__REQUIRED ACTION__
Only the lines below between the ones containing "Vial labelled Plasmid" and "RUGOD Heavy Industry, футболка", inclusive, are to be reproduced, each exactly as it stands.

═════ RECORDED INFORMATION ═════

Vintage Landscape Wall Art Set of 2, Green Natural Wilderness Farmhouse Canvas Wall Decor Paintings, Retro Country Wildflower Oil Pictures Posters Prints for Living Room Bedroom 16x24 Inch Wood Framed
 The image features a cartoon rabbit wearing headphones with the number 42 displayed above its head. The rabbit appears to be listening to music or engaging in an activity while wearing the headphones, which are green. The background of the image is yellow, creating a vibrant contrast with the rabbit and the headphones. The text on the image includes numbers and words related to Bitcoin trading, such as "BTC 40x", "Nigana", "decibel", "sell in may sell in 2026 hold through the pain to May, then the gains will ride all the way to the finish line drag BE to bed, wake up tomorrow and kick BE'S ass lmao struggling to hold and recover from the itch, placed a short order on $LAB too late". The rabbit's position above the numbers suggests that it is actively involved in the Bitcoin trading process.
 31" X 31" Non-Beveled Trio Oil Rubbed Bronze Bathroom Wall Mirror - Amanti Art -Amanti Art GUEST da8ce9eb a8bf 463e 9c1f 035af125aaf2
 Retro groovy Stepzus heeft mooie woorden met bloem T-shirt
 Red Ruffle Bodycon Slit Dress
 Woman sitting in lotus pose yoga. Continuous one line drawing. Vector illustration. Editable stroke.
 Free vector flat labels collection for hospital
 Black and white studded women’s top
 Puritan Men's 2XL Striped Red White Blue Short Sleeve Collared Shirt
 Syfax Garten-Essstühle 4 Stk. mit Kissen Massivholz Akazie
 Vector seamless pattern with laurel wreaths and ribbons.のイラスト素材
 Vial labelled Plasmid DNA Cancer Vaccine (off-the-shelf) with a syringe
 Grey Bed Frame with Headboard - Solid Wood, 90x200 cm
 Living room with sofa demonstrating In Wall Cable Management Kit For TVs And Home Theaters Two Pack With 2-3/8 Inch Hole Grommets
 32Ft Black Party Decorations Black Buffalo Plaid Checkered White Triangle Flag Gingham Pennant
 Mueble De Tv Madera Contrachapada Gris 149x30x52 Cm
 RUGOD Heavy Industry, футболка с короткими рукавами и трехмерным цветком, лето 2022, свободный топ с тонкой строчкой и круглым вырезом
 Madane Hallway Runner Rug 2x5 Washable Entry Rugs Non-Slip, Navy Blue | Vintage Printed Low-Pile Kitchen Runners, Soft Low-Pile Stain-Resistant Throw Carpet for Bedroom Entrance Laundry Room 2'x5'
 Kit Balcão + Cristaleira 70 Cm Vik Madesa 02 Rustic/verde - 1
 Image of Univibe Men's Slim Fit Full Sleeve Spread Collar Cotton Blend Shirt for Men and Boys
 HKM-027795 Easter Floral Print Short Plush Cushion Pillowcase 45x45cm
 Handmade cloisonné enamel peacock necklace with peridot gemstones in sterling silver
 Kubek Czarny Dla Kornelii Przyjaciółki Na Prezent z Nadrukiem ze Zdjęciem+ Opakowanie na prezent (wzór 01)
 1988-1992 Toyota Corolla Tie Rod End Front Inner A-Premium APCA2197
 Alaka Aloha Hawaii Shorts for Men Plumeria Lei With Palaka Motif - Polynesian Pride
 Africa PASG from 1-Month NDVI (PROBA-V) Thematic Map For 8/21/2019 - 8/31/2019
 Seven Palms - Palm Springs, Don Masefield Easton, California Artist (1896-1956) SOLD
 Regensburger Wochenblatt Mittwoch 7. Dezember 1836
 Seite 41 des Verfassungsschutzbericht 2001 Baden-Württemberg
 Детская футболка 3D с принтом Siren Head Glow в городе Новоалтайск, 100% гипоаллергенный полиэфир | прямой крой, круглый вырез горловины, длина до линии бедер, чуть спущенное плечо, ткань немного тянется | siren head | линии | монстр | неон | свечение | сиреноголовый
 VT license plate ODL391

═════

__RESPONSE__
 Vial labelled Plasmid DNA Cancer Vaccine (off-the-shelf) with a syringe
 Grey Bed Frame with Headboard - Solid Wood, 90x200 cm
 Living room with sofa demonstrating In Wall Cable Management Kit For TVs And Home Theaters Two Pack With 2-3/8 Inch Hole Grommets
 32Ft Black Party Decorations Black Buffalo Plaid Checkered White Triangle Flag Gingham Pennant
 Mueble De Tv Madera Contrachapada Gris 149x30x52 Cm
 RUGOD Heavy Industry, футболка с короткими рукавами и трехмерным цветком, лето 2022, свободный топ с тонкой строчкой и круглым вырезом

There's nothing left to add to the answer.